One of my favorite horror films, Jacques Tourneur’s Night of the Demon, always reminded me of Alfred Hitchcock—had the master of suspense turned to occult themes. Little wonder. Turns out the screenplay for Night of the Demon was composed by one of Hitchcock’s seminal collaborators, Charles Bennett, the writer behind The 39 Steps and The Man Who Knew Too Much.
That’s just one revelation in Hitchcock’s Partner in Suspense: The Life of Screenwriter Charles Bennett (University Press of Kentucky). Edited by the writer’s son, John Charles Bennett, the book is more posthumous memoir than biography. In the musings he left behind, Bennett senior is sometime a bit full of himself. “I suppose I was the best-known constructionist, scenarist, scenario writer in the world at the time” (1930) he writes, as if compensating himself for being overlooked. And yet, if most of his account is true, he lived a full life. Undeniably, he was in the right place during fascinating times on more than one occasion.
Was he really an intelligence agent during World War II who tangled with a high-placed Hollywood Nazi? (Hint: not Errol Flynn but one of Flynn’s buddies.) If so, the encounter might help illuminate one of the characteristic figures in Bennett’s play and screenwriting, the suave villain, familiar to audiences nowadays largely through Hitchcock. But even apart from Hitch, Bennett enjoyed an active career, starting as a thespian. He co-stared with a young man called John Gielgud in a 1927 London stage production, and wrote a hit play, Blackmail, that was adapted by Hitchcock into Britain’s first full-length talking picture.
Eventually, Bennett followed the lead of Hitch and many other talented Brits by moving to Hollywood, where the climate was warmer and the salaries higher.
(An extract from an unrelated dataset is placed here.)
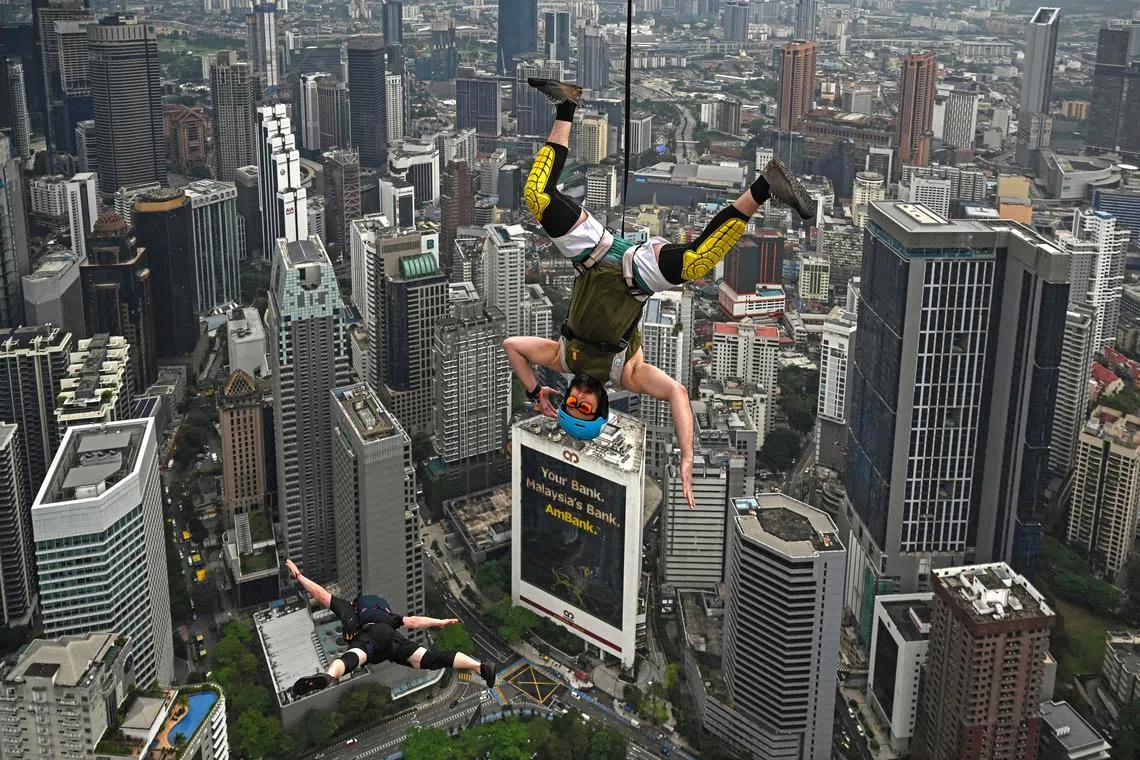Base jumper Sean Devlin of the US (R) leaps from the 300-metre high open deck of Malaysia's landmark Kuala Lumpur Tower during the International Tower Jump in Kuala Lumpur on Feb 3, 2023.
His prolific career as a screenwriter in England was exceeded by a longer career in American movies and television. In Hollywood he wrote for Hitchcock (Foreign Correspondent), Cecil B. DeMille (Reap the Wild Wind) and Irwin Allen (Voyage to the Bottom of the Sea).
After a 1968 episode of a short-lived TV sci-fi series, “Land of the Giants,” the credits stopped rolling. But according to his son, Bennett never stopped writing, tinkering on scripts and hoping to keep his hand in the business. He published a novel in the ‘80s, a couple of articles, complained with some justice about ageism in Hollywood, and was generally overlooked by most film scholars and fans.
Perhaps Hitchcock’s Partner in Suspense will spur a revival of interest? Hey TCM, about a Charles Bennett day? Enough material exists for a whole week of programming.